JR: POWER UP PUNCH! Graves is rocked!

JC: She might have something here, Joe!

Graves staggers into the ropes, and Game Girl runs at him, looking for the Spear Step. He sidesteps at the last second and catches her with a clothesline that flattens her completely. He doesn't go for the cover right away. He stands over her, jaw working, looking less amused than he did a minute ago. He drags her up by the collar and drives a pulling piledriver straight down, spiking her head into the canvas.

The crowd goes silent.

Graves covers, forearm grinding into her face.

ONE.









TWO.











Game Girl's foot twitches and finds the bottom rope at the absolute last second, the referee's hand stopping inches from the third slap.

JC: SHE GOT THE ROPE! I don't know how, but she got it!

JR: That piledriver should have ended this. She is running on pure heart at this point.

Graves hauls her up, visibly irritated now, and whips her into the far corner. He charges in with a back elbow and this time it connects fully, crushing her against the buckle.

He doesn't relent.

Heart punch.

Backfist.

Another heart punch.

Game Girl's body sags between each blow, held up only by the corner itself and the referee starting to check on her condition.

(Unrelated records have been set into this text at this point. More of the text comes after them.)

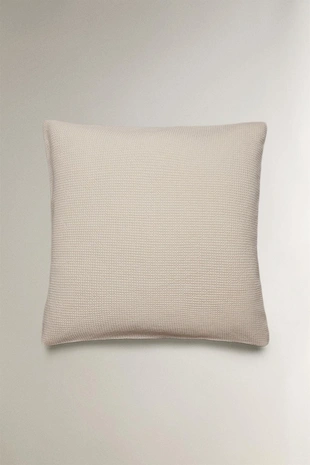 Наволочка из хлопка с мини-вафельным плетением- Заказать в России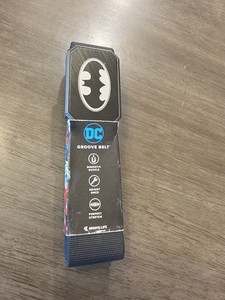 Batman Belt DC Groove Belt Rare Collectible New 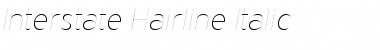 Download Interstate Font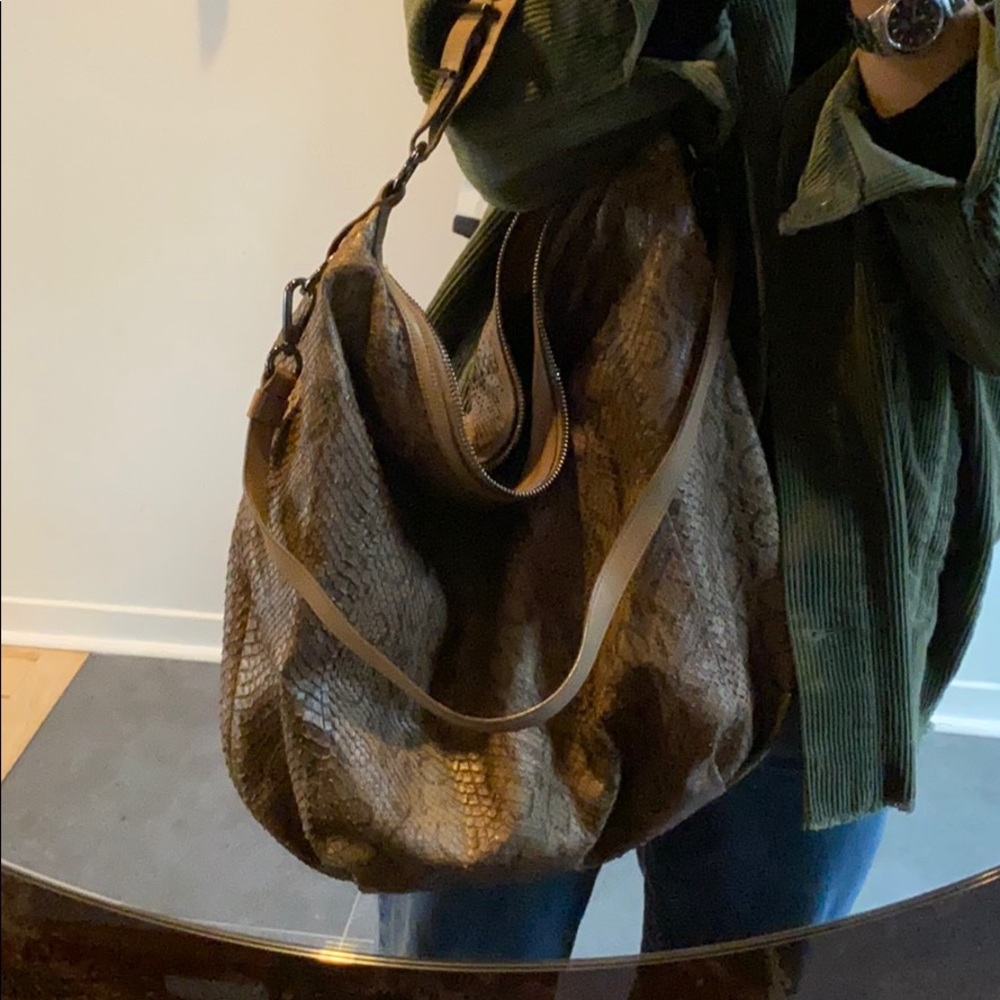 Reed Krakoff Snakeskin bag
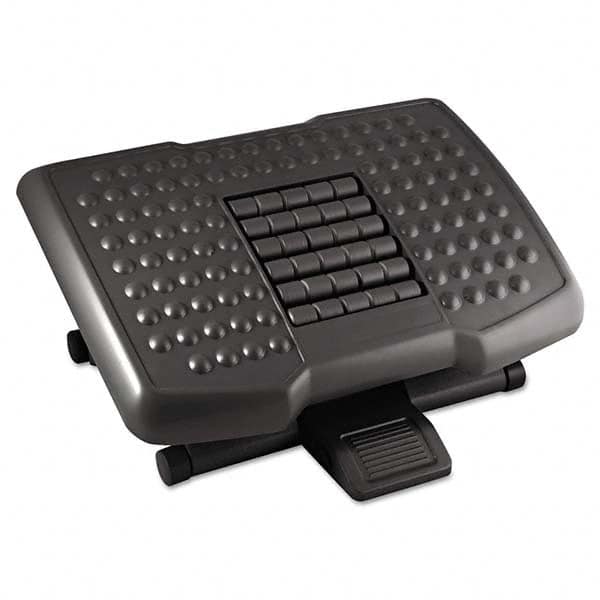 Kantek - Foot Rests Position Type: Adjustable Footrest Color: Black - Americas Industrial Supply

Graves pulls her out by the arm she doesn't have, catches himself, adjusts his grip to her remaining one, and hits a textbook Inverted DDT that drives her skull into the mat.
He stands over her. He doesn't rush the cover. He drops down, hooks the leg, and grinds his forearm into her cheek as the count starts.


ONE.









TWO.










Her shoulder lifts off the canvas, just barely, the crowd erupting at the sight of it, but it isn't enough and the referee's hand comes down a fraction of a second later than it should have.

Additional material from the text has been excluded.